Daniel Larison thinks a Tommy Thompson run for the White House is self-evidently absurd, and he’s probably right. But really, it shouldn’t have turned out this way. Imagine if Republicans, in 2000, had run a reformist Midwestern governor with a long record of accomplishment and a reputation for pragmatism instead of political scion and modest political success George W. Bush. ~Reihan Salam
I agree that Thompson was once the Coming Thing among Republican governors and that he, unlike Mr. Bush, had a record of accomplishment as governor that would have been very attractive in 2000 with its emphasis on his welfare reform successes and his domestic policy agenda. Had he run and Bush not run, who knows what might have unfolded at home and abroad? Bush crowded out a lot of more competent and accomplished Republican leaders with his famous name, network of connections and establishment backing. It is understandable why someone with realistic ambitions of higher office did not want to set himself up against that juggernaut. Once Bush won, 2004 was likewise out of the question for any Republican. Thus he was forced to wait and wait and wait until the field opened up to include virtually everybody, his signature reforms were a distant memory and his name, if many voters outside Wisconsin recognise it at all, is today associated with the first Bush administration. Today Tommy can really only say, “I coulda been a contender.” Unless I have missed something important, he certainly is not a contender this time.
In fairness to the former governor and HHS Secretary, 2008 is shaping up to be such a parade of mediocrities that someone with a real record of legislative successes and executive experience might have a halfway decent shot. But here is the burning question: where would he get the money he needs to mount a competitive bid for the nomination? It’s probably all going to be sucked up by the Terrible Trio (McCain, Giuliani, Romney).
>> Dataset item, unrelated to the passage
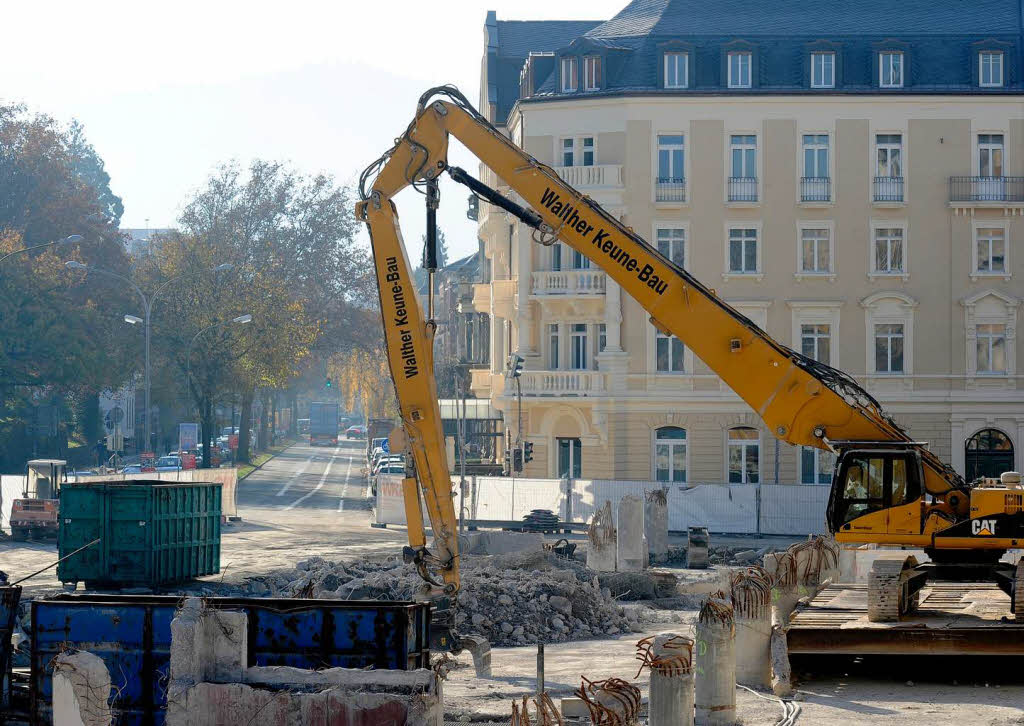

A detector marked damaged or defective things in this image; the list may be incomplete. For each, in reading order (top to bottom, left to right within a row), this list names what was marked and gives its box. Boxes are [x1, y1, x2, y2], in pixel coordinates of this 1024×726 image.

But, as I have noted, I don’t think any one of these three breaks through in the primaries, either, and I am having difficulty seeing who it is who capitalises on their failure. Could Thompson be the dark horse who triumphs in the end? Somebody has to win, and so, if not the favourites, why not Thompson? Stranger things have happened, I suppose. Jimmy Carter became President, after all, and that must have seemed as implausible in 1974 as Thompson’s chances of success seem now.
In the end, I think his “brand” has gone cold and he will generate little or no enthusiasm among core Republican voters. The worst and most common response will be, I think, “Tommy who?” My impression of him is that he is also not terribly dynamic. Stable, competent, dependable, I grant you, but not somebody who will be bringing in the crowds and the donors. He is not the sort of barnstorming candidate who will inspire a successful insurgent campaign against the establishment favourites. When those favourites implode, someone not Tommy Thompson will reap the benefits.